Caption-style text data:
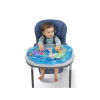 Sophie La Girafe Παιχνίδι Δραστηριοτήτων Sensory Water Mat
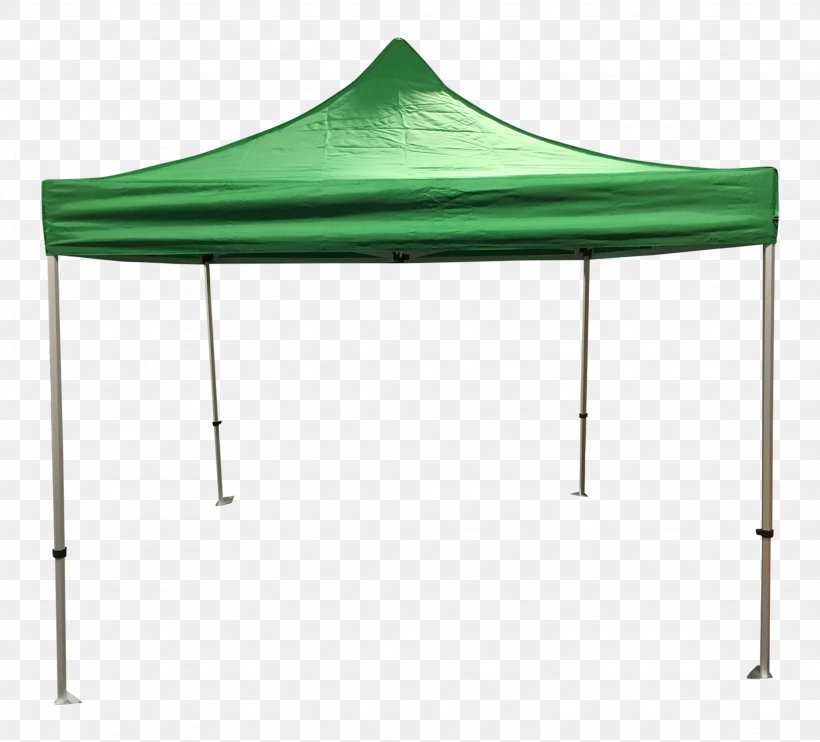 Pop Up Canopy Tent Pole Marquee Gazebo, PNG, 2048x1854px, Canopy, Aluminium, Backyard, Canada, Color Download Free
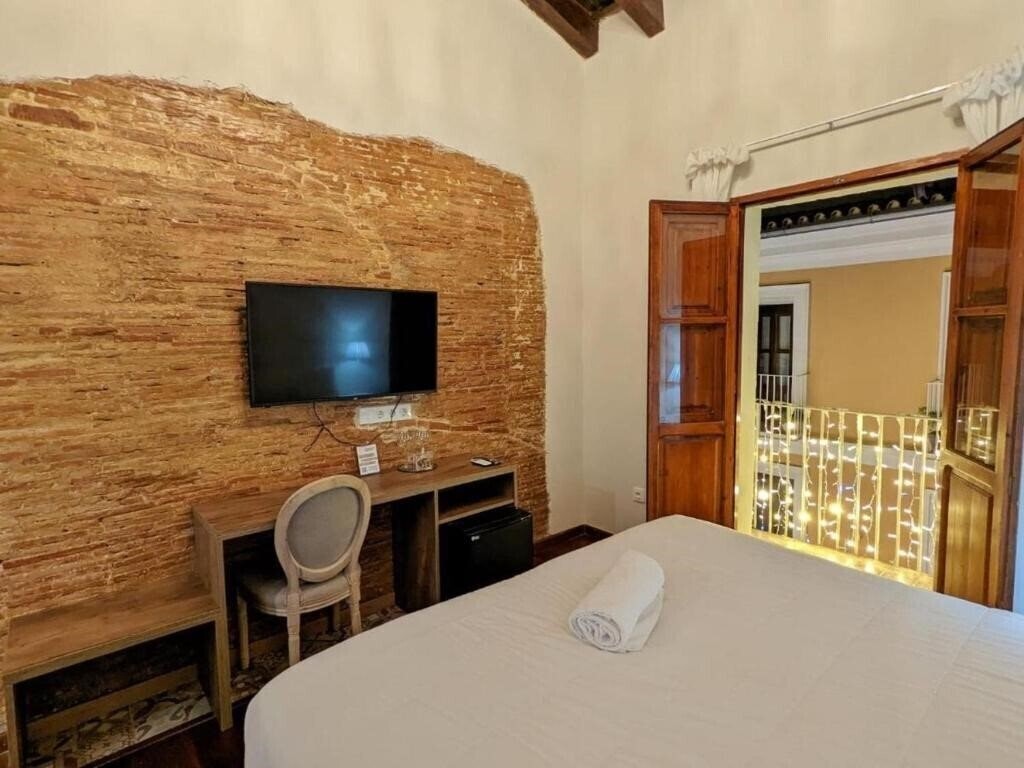 Фото Catalina Suites 4*
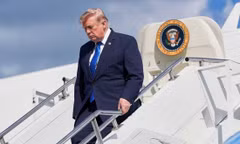 Sáu tháng chiến sự với Iran, Tổng thống Mỹ Trump đang lâm vào ngõ cụt?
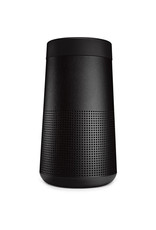 BOSE BOSE SOUNDLINK REVOLVE 2 BLUETOOTH SPEAKER TRIPLE BLACK 120V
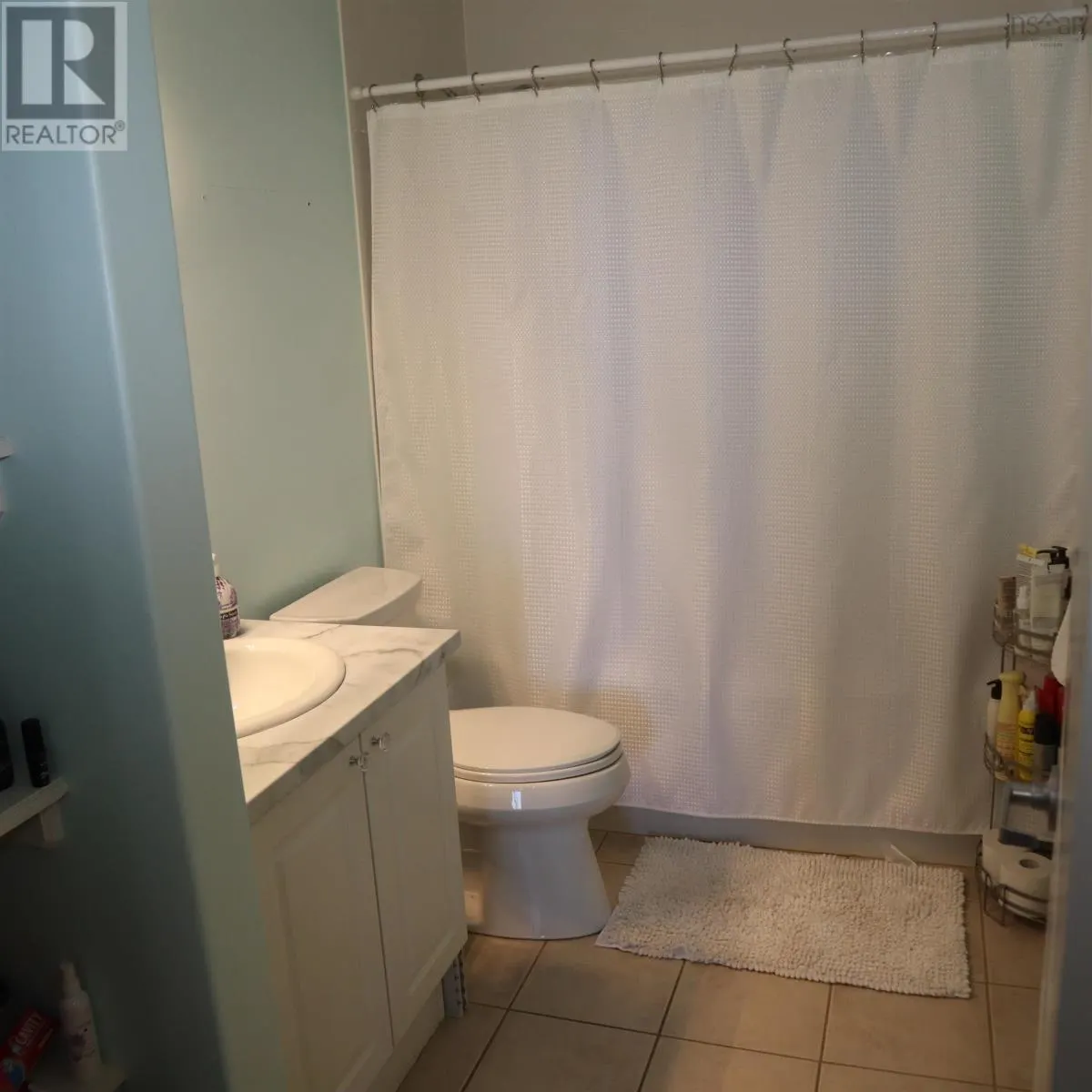 305 168 Green Village Lane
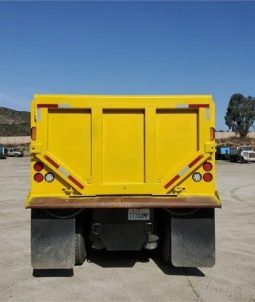 2012 PETERBILT 386 full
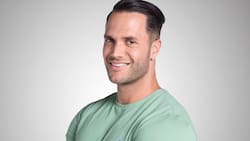 Fabio Agostini elimina a querido participante en “Ganar o Servir”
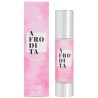 emballage disponible en : -en-es-fr-de-it-pt-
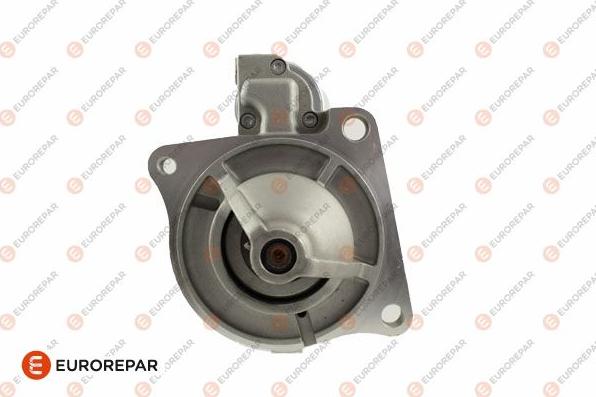 EUROREPAR 1638123980 - Starter www.molydon.hr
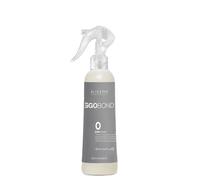 Alterego EgoBond 0 Bond Primer 125ml - trattamento preparatore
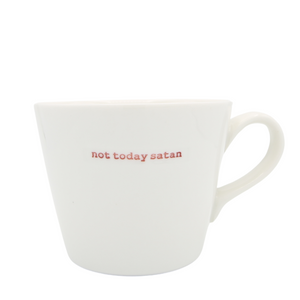 Keith Brymer Jones Mug (Various)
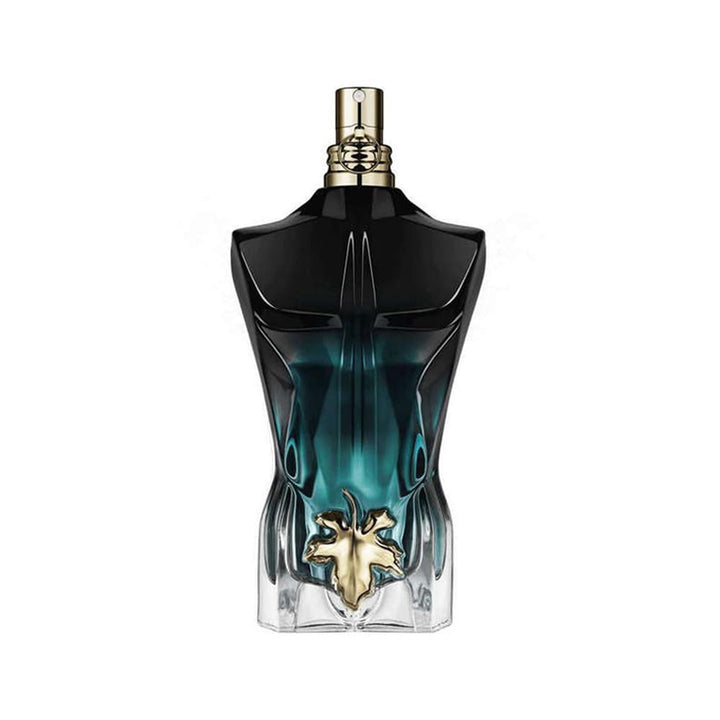 Jean Paul Gaultier Les Males De Le Beau Le Parfum Eau De Parfum Int...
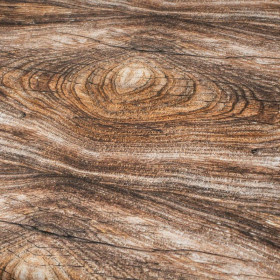 SŁÓJ wz. 1 (TŁO FOTOGRAFICZNE) - tkanina wodoodporna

Work to complete —
From the line with "EUROREPAR 1638123980 - Starter" down to the end of the entries, retype each line exactly as written, but drop the pictures.

Answer for this exercise —
 EUROREPAR 1638123980 - Starter www.molydon.hr
 Alterego EgoBond 0 Bond Primer 125ml - trattamento preparatore
 Keith Brymer Jones Mug (Various)
 Jean Paul Gaultier Les Males De Le Beau Le Parfum Eau De Parfum Int...
 SŁÓJ wz. 1 (TŁO FOTOGRAFICZNE) - tkanina wodoodporna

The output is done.